Ms. Lynch also announced the successful extradition of another Mexican sex trafficking defendant, Antonio Lira-Robles, who was arraigned in federal court in Brooklyn on November 19, 2012 in a separate multi-defendant case, United States v. Granados-Hernandez, et al., on charges of sex trafficking, interstate prostitution, alien smuggling and money laundering. Four defendants in the Granados-Hernandez case have pleaded guilty to sex trafficking crimes and are awaiting sentencing. Two of the defendants face 15-year mandatory minimum sentences. If convicted of sex trafficking, Lira-Robles faces a mandatory minimum sentence of 15 years and a maximum sentence of life in prison.
Finally, Ms. Lynch announced the successful reunification of a Mexican sex trafficking victim with her child, who was being held in Mexico by members of the trafficking organization. The man who had trafficked the victim and fathered the child was convicted in 2005 of multiple counts of sex trafficking and numerous other crimes in United States v. Carreto, one of the first sex trafficking cases prosecuted by the United States Attorney’s Office in Brooklyn. After substantial post-conviction investigation and international coordination, the child was located and reunited with the victim-mother.

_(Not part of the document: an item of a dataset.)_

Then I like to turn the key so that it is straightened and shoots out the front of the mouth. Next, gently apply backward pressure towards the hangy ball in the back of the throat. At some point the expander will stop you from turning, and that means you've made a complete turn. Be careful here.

“As alleged, the defendants lured young women into the world’s oldest profession using the world’s oldest ruse – the promise of a committed relationship and a better life. Once here in the United States, the women were cut off from their families and kept dependent on the traffickers, whose promises of love soon turned to lies, beatings and threats to the victims’ families in order to maintain their hold over them. These latest extraditions and the reunification of a victim with her child are the culmination of a sustained and committed effort by the United States government and its partners in Mexico to work together, and to work with their partners in the community, to identify, prosecute and punish sex traffickers and to restore the dignity and lives of survivors of this heinous crime,” stated Ms. Lynch. “The sex trafficking of young girls and women is modern-day slavery. We will do everything in our power to eradicate it.”

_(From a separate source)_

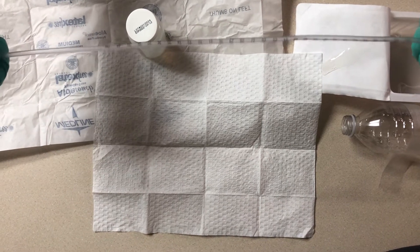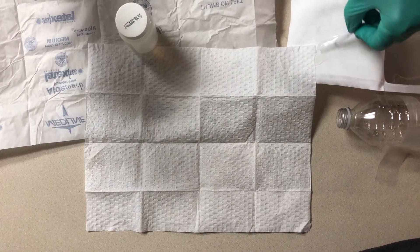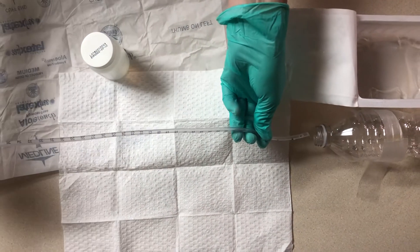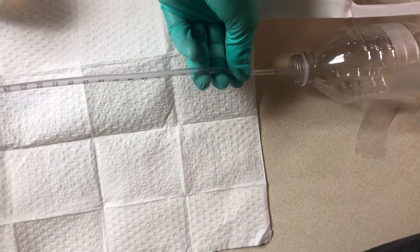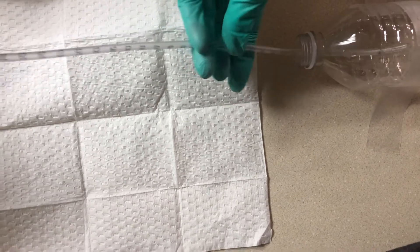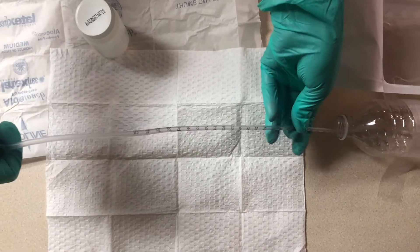Test your suction. Get some of your lubricant, and then very carefully put the catheter in the nare without touching the tip.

“Few crimes are more repugnant than the trafficking of innocent women and girls for sex. The extraditions over the weekend followed by the arraignments today are a testament to our resolve to bring to justice those charged with forcing young women into prostitution. HSI places equal value on the identification and rescue of victims as we do for the prosecution of traffickers who prey on them,” said James T. Hayes Jr., Special Agent-in-Charge of HSI, New York. “HSI is committed to working closely with its local and international law enforcement partners to ensure there is no safe haven for those who seek to gain financially through the extortion and coercion of the victims of human and sex trafficking.”

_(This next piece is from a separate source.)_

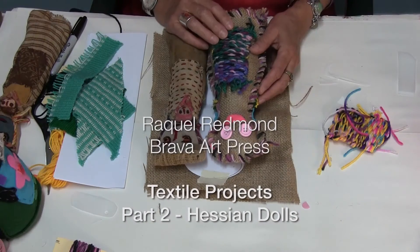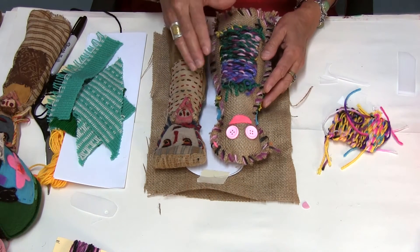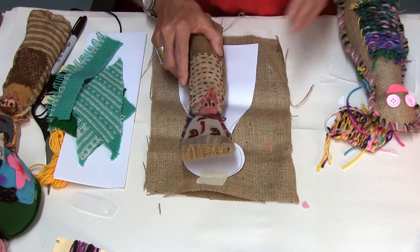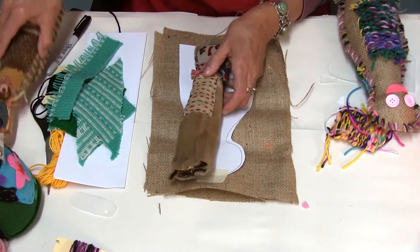Our next project is about these dolls — very simple dolls made out of hessian. It's a good combination of weaving and sewing for young children. These dolls are inspired by dolls I found in South America. They're beautiful dolls — I've got two here.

Thomas E. Perez, Assistant Attorney General, Civil Rights Division, stated, “The Department of Justice commends the United States Attorney for the Eastern District of New York for the tireless dedication her Office has shown, placing her District on the cutting edge of the Department’s nationwide anti-trafficking efforts. Reuniting this survivor with her child – after the traffickers cruelly tore them apart – vindicates the rights and dignity of the human beings victimized by this crime, and inspires us to continue in our relentless pursuit of justice. We will continue to build strategic partnerships to bring traffickers to justice and deliver on the promise of freedom for victims of modern-day slavery.”
A. Lopez-Perez Case
As alleged in affidavits submitted in connection with the extradition proceedings, between January 2003 and October 2010, Benito Lopez-Perez (“Lopez-Perez”), Jose Gabino Barrientos-Perez (“Barrientos-Perez”) and Anastasio Romero-Perez (“Romero Perez”), who are brothers, are charged with trafficking three young Mexican women, identified in the superseding indictment in this case as Jane Doe 1, Jane Doe 2 and Jane Doe 3, from Mexico without proper documentation, and forcing them to work as prostitutes in New York City and elsewhere in the United States. The defendants recruited and enticed the three victims when they were 14 and 15 years old in Mexico. After luring the victims into intimate relationships through false promises of romance and marriage, the defendants forced the victims to work for the defendants as prostitutes in Mexico. The defendants beat and sexually assaulted the victims to compel them to work as prostitutes and punish them for not earning enough money for the defendants, and the victims were required to turn over all of their earnings to the defendants. The defendants also threatened violence against the victims’ family members to prevent the victims from running away.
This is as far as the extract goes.